What to work on - Return exactly the lines below, starting with the one that has "陈艾森出席gq年度人物盛典 米色拼接西装尽显优雅与朝气" and going on through the one that has "Dining - Four-Bedroom Holiday Home (Turre)".

Records provided -
· · ·

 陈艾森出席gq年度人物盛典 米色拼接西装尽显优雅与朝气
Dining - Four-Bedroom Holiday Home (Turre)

· · ·

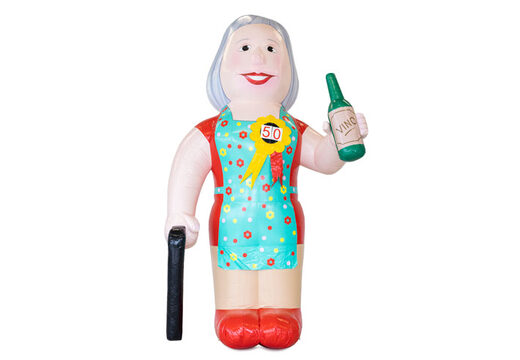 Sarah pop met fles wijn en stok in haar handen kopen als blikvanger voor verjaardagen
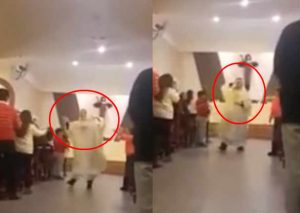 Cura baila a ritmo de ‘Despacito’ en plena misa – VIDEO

· · ·

Response to this exercise -
 陈艾森出席gq年度人物盛典 米色拼接西装尽显优雅与朝气
Dining - Four-Bedroom Holiday Home (Turre)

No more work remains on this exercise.